他心底琢磨:別說是璐璐需要討好他了,就是自己也得哄著這孫子。可他不樂意哄著葉塵,但也不好在慶功的酒會上胡來,隻能把心思放在肚子裏,一個字也不吐露出來。

當葉塵見到了華友偉的時候,臉上的笑容一點虛偽的意思都沒有,他直接說道:“華董事長,那天晚上你說的話我可是一點都沒忘記。怎麽第二天,您就變卦了。您可是大老板,做事就不能講一點信譽?”

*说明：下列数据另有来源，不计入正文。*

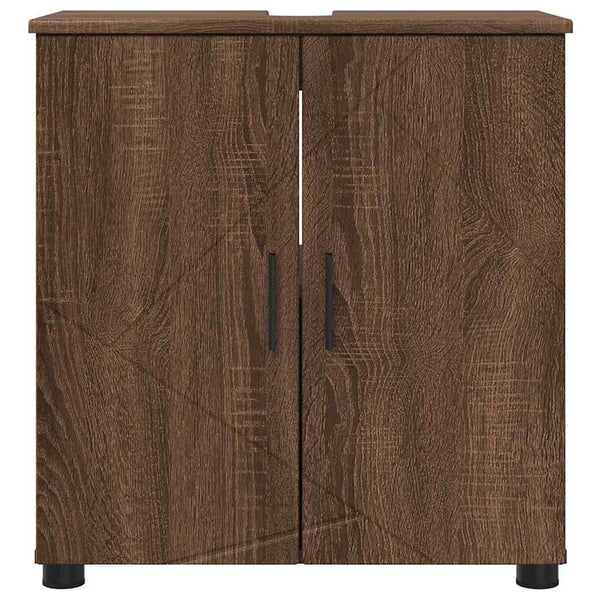 Kylpyhuonekaappi Ruskea tammi 61 x 35 x 64 cm
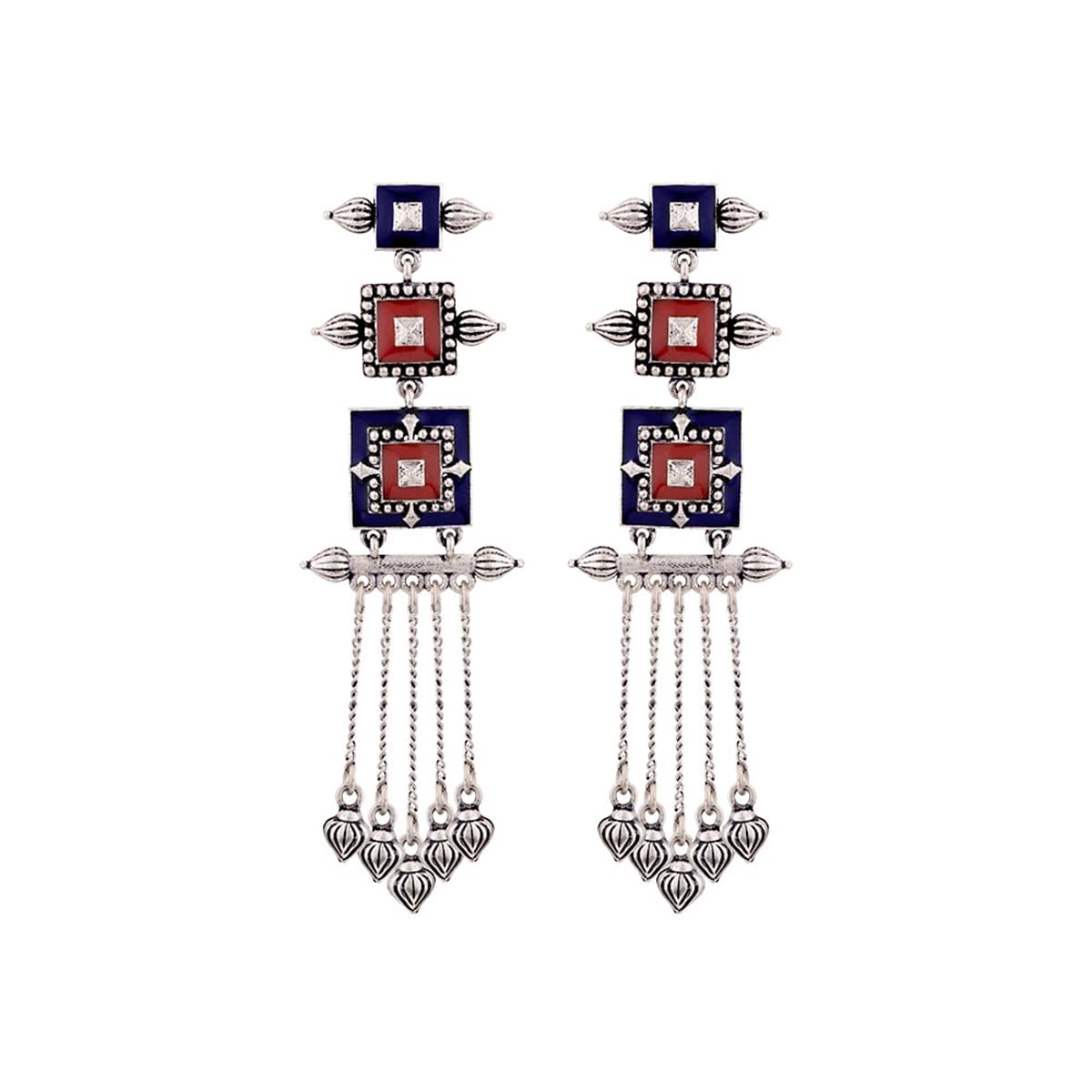 See full amazon price history chart for Voylla Brass Silver Oxidised Mandala Layered Square Design Tassels Earrings for Women and Girls Voylla Brass Silver Oxidised Mandala Layered Square Design Tassels Earrings for Women and Girls (B07M7ZSBW8) Amazon Price History, Amazon Price Tracker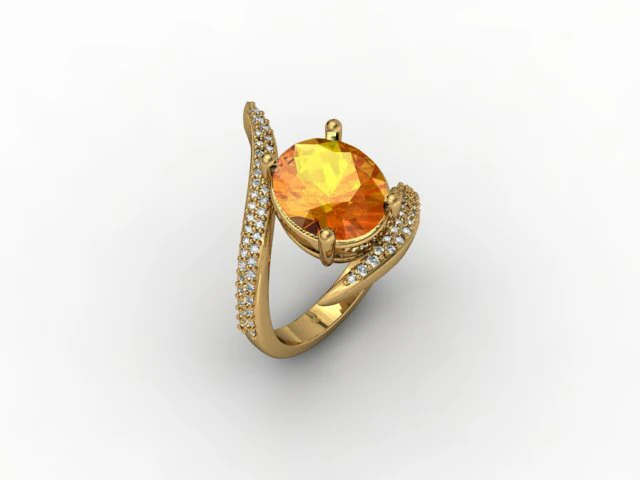 jewellery ring 3D Print Model .c4d .max .obj .3ds .fbx .stl .blend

華友偉臉色尷尬,曹苞被他逐出家門之後的所作所為他是一概不知的,直到警察上門,他才知道曹苞這個喪門星做了什麽事。綁架也就算了,還襲警,暴力拘捕,被打殘不說,下半輩子估摸著是在牢裏麵出不來了。

可華友偉還沒說話,一旁的張秋白便拉了拉葉塵,說道:“小葉,你胡說什麽,華董事長有自己的考慮,這裏有你說話的份嗎?您說是不是,華董事長?”

“你說的對。”華友偉不知道這家夥是哪裏來的傻子,不懂察言觀色也就罷了,還撞到槍口上來,給自己撒氣。

他斥道:“你什麽東西,這裏有你說話的份了嗎,你是誰?你是永康製藥的哪位,是不是級別比黃總還要高的多,可以隨便插話?”

張秋白吃了一驚,臉上一陣紅,一陣白。他鬧不清楚葉塵究竟是怎麽想的,居然當著一群人的麵招惹華董事長,他隻是純粹的想要拯救一下局勢而已。可華董事長是不是瘋了,我好言相勸,他卻這樣對我。

張秋白是不高興了,但這一番變故下來,開心的人卻有很多。葉塵笑而不語,看的黃璐無奈搖頭,將一隻手放在張秋白肩膀上,陪笑道:“華董事長,這個是業務部的骨幹,昨晚忙的有點晚,沒睡好,在您麵前說胡話了。小張,趕緊給華董賠個罪,這件事就過去了。”

華友偉也樂意在這種場合之下,落一下張秋白的麵子,即便不能安撫好葉塵,也能換取一點籌碼。

好在張秋白識時務者為俊傑,隻道是葉塵這等奸佞小人,肯定有些背景,才跑到業務部胡來。想到這裏,他先是心痛,隨後才是誠懇的道歉:“華董,我剛才失言了,是我不好,我昨天晚上真的忙到太晚,今天上班又堵車,差點遲到,不好意思。廢話我先不說了,我先自罰三杯。”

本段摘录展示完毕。